Matrix-based implementation

Modern processors incorporate circuits that enable them to manipulate matrices in a single run. Instead of computing feedforward and backpropagation algorithms for each example in the dataset separately, we can speed up learning by computing the same operations for the whole mini-batch of data at once.

Loading MNIST data

In order to use the full power of matrix operations, we first need to add a helper function to the mnist program so that it returns matrices for training and testing datasets.

def load_matrix_data():
    """Returns preprocessed MNIST dataset in a matrix-based form. ``train_data``
    is a tuple (X_train, Y_train) representing the matrix of training inputs and
    the matrix of corresponding labels accordingly. ``test_data`` is a tuple
    (X_test, y_test) of the matrix of testing inputs and the vector of
    corresponding labels accordingly. Testing labels are not vectorized.
    X_train.shape=(60000, 784), Y_train.shape=(60000, 10)
    X_test.shape=(10000, 784), y_test.shape=(10000,)"""
    (train_images, train_labels) = load_train_data()
    (test_images, test_labels) = load_test_data()
    # preprocess train data
    train_images = train_images.reshape((60000, 28*28))
    train_images = train_images.astype('float64') / 255
    train_labels = vectorize(train_labels)
    train_labels = train_labels.reshape(-1,10)
    train_data = (train_images, train_labels)
    # preprocess test data (labels are not vectorized)
    test_images = test_images.reshape((10000, 28*28))
    test_images = test_images.astype('float64') / 255
    test_data = (test_images, test_labels)
    return (train_data, test_data)

Network class

For convenience, we will represent weights in a transposed form that will facilitate our later computations (such that every row of activation matrix corresponds to one example in the mini-batch). For example, $W^3$ is a matrix such that $w_{kj}^3$ is the weight for the connection between the $k^{\text{th}}$ neuron in the second layer and the $j^{\text{th}}$ neuron in the third layer.

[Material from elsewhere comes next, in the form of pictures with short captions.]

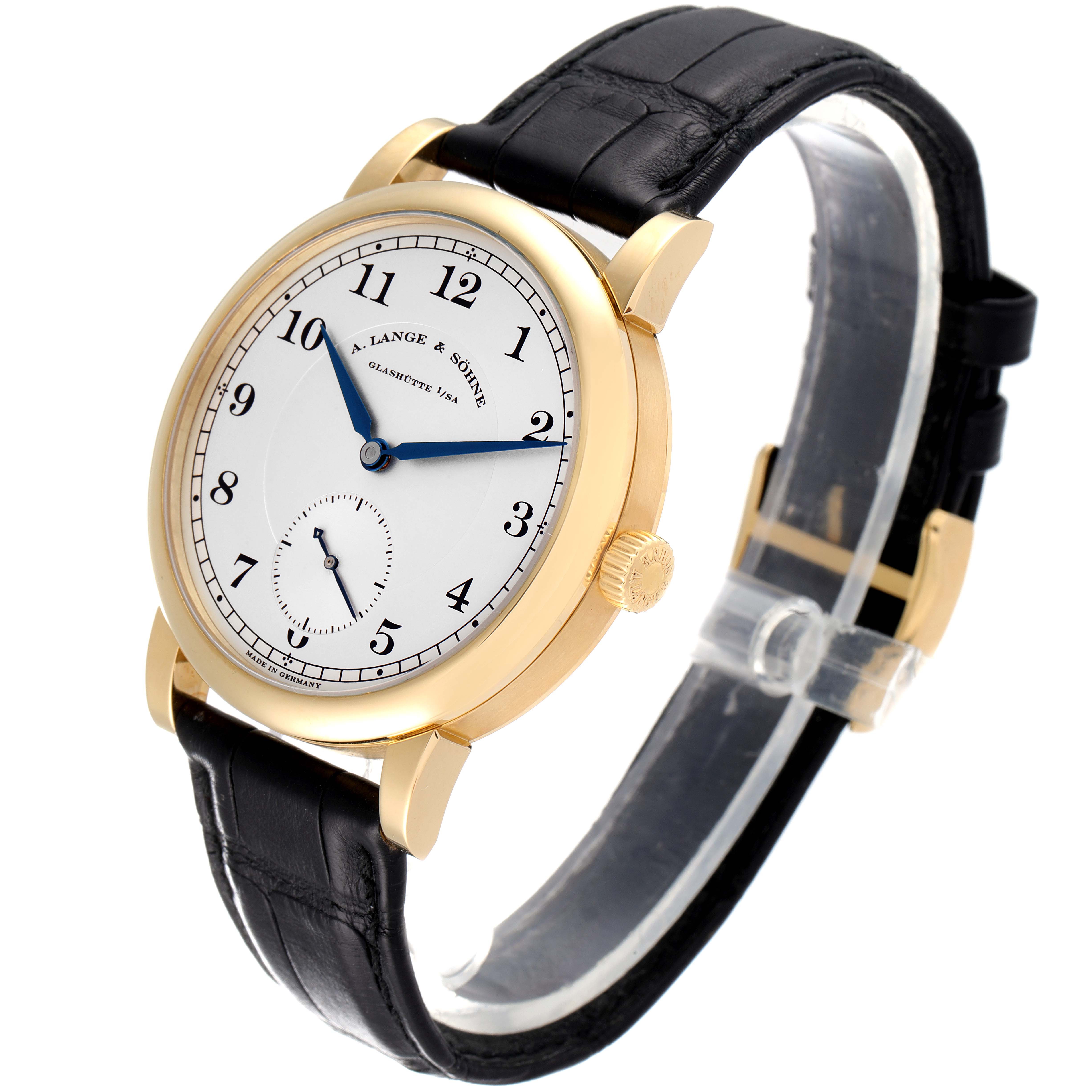 The image shows a frontal angle of the 1815 model watch by A. Lange & Söhne, highlighting the watch face, crown, and leather strap.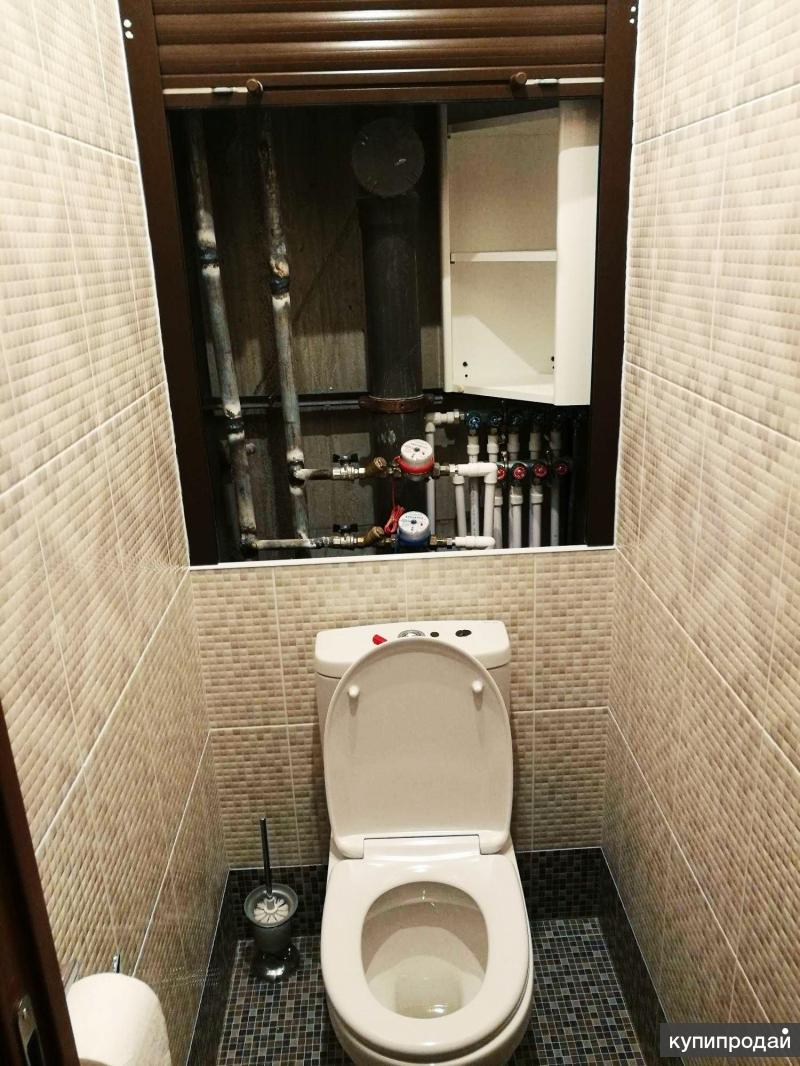 Дизайн туалета в хрущевке со шкафом сзади унитаза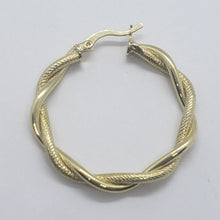 Load image into Gallery viewer, Authentic 10K Yellow Gold Round Twisted Hoop Door Knocker Earrings Women 3 Sizes
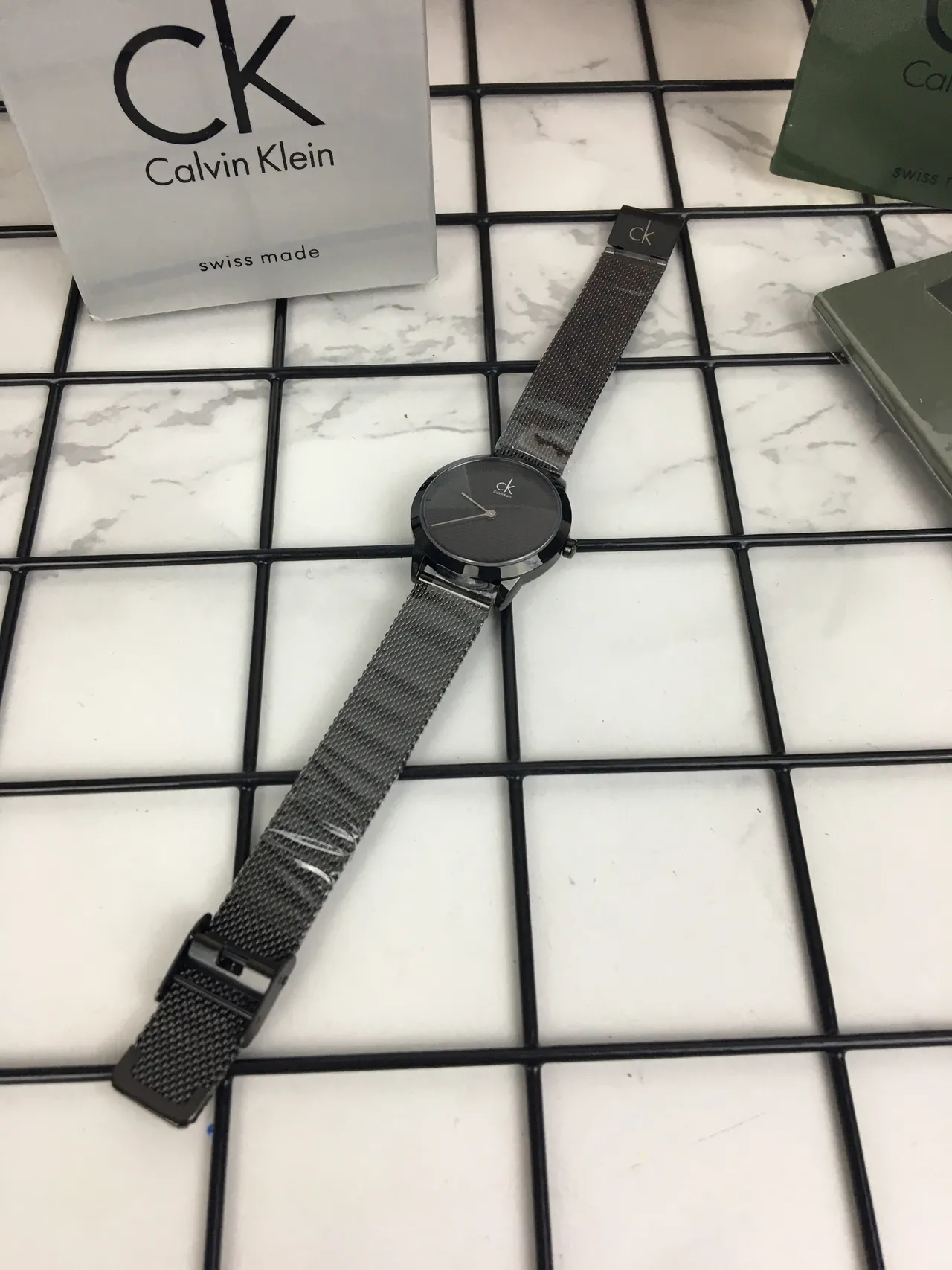 Calvin Klein Minimalist Black Mesh Strap Quartz Watch 6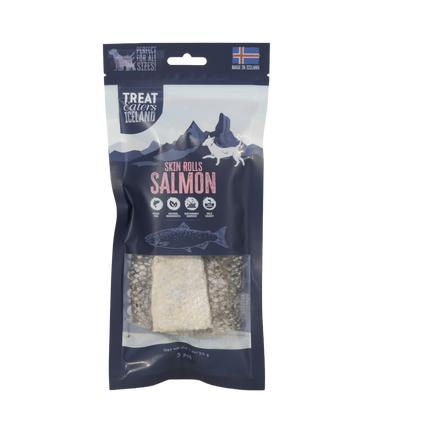 TreatEaters Islandske Lakseskind Ruller 3-pak 30g
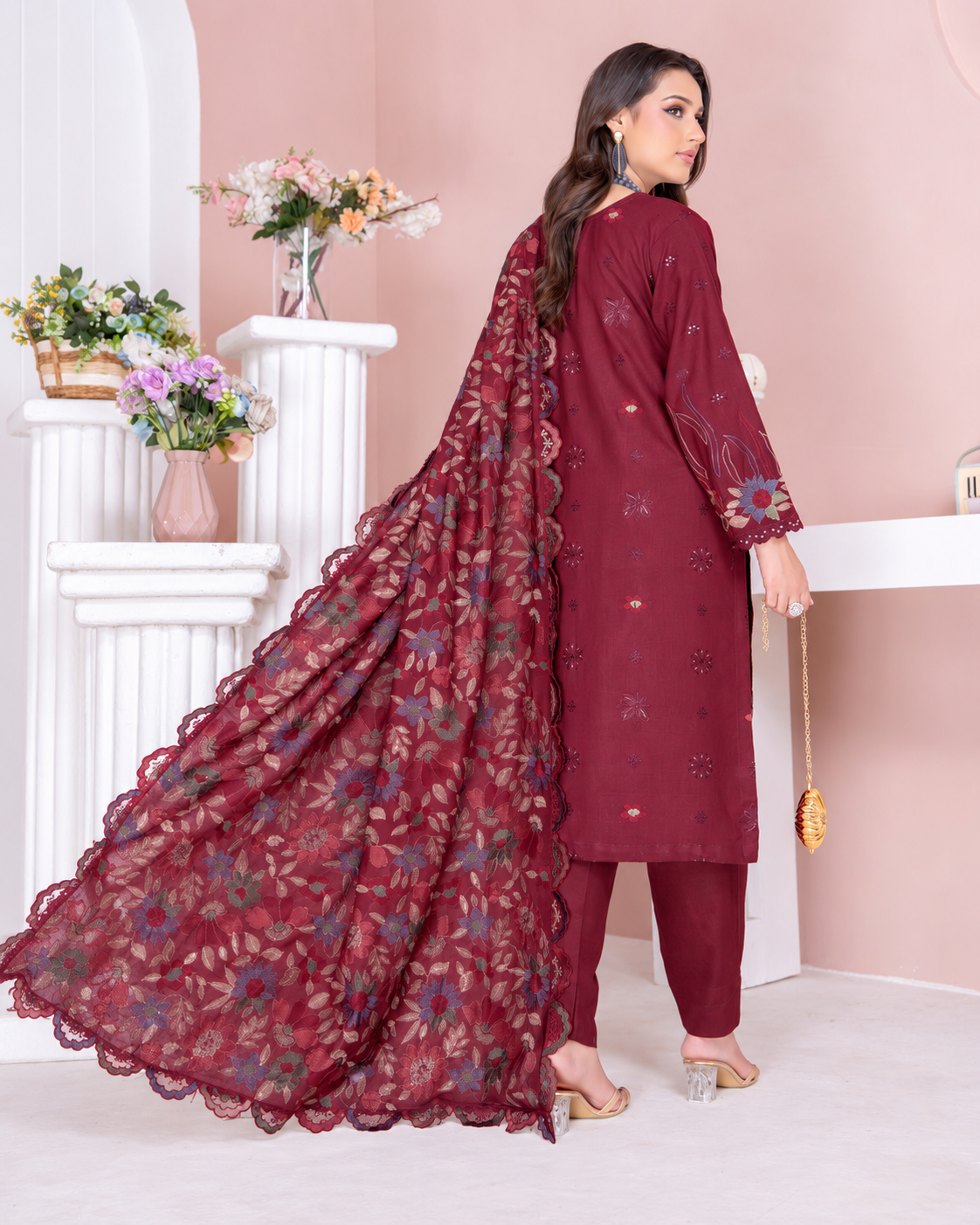 Riaz Arts Kamyar Luxury Winter Embroidered Wool Touch Peach Suit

Also, we will represent biases vector as a 1-dimensional numpy array so that it will be broadcaseted for every example in the mini-batch (original matrix representation doesn't allow broadcasting).

import numpy as np

class Network(object):
    def __init__(self, sizes, seed=None):
        """The list ``sizes`` contains the number of neurons in the
        respective layers of the network. For example, if the list
        was [3, 4, 2] then it would be a three-layer network, with the
        first layer containing 3 neurons, the second layer 4 neurons,
        and the third layer 2 neurons. The biases and weights for the
        network are initialized randomly, using a Gaussian
        distribution with mean 0 and variance 1. Note that the first
        layer is assumed to be an input layer, and by convention we
        won't set any biases for those neurons, since biases are only
        ever used in computing the outputs from later layers. Integer
        ``seed`` may be provided to achieve reproducible results."""
        self.rng = np.random.default_rng(seed)
        self.num_layers = len(sizes)
        self.biases = [self.rng.standard_normal(size=(j,), dtype=np.float64)
            for j in sizes[1:]]
        self.weights = [self.rng.standard_normal(size=(k, j), dtype=np.float64)
            for k, j in zip(sizes[1:], sizes[:-1])]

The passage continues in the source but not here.